No Senado, o mais crítico foi o líder do PT, Humberto Costa (PE), que ao falar sobre a situação, disse que “Temer perdeu o controle da segurança pública”. “O presidente e seus assessores tentaram se eximir da responsabilidade sobre o caso e culpar as próprias vítimas pelo ‘banho de sangue’ que teve repercussão internacional. Sabemos com que tipo de governo estamos lidando e quem faz parte deste governo”, afirmou.

Já a Frente Parlamentar da Segurança Pública, que integra aproximadamente 300 deputados – muitos deles da chamada “bancada da bala” e integrantes da base aliada do governo – divulgou uma nota reclamando da atuação do governo Temer em relação ao episódio dos massacres. O presidente da Frente, Alberto Fraga (DEM-DF), disse que em momento algum os deputados da comissão de Segurança Pública foram procurados.

O grupo classificou, na nota, como “vaidade e ciúme” o fato de terem sido ignoradas cerca de 20 propostas apresentadas pela CPI do Sistema Carcerário. “Preferiram atuar como se o Congresso Nacional não existisse e não tivesse feito recomendações sobre o sistema prisional”, disse Fraga.

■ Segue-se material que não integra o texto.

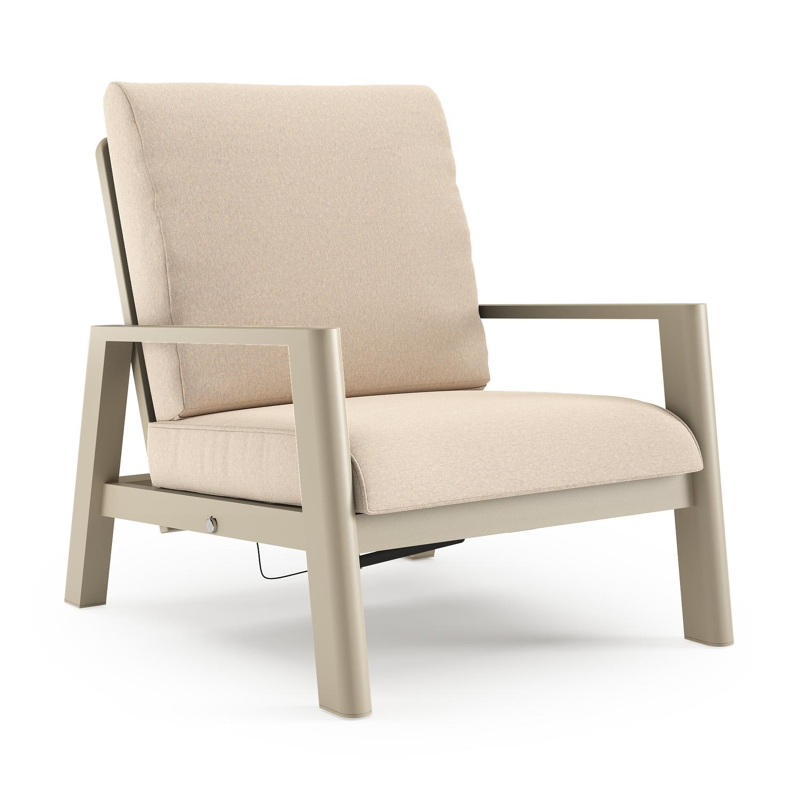 Cirello loungestoel in beige aluminium met heritage papyrus all weather sunbrella® luxe kussen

O documento, divulgado no último final de semana, destaca que “não é normal o governo não procurar ouvir a opinião de parlamentares com experiência na área da segurança pública e que já alertavam o Executivo sobre o avanço das facções criminosas nos presídios brasileiros”. E acrescenta: “seria descabido alguns desses deputados serem chamados, por quem quer que seja, para discutir essa pauta? Se a resposta for negativa, temos que reagir e buscar algumas respostas”.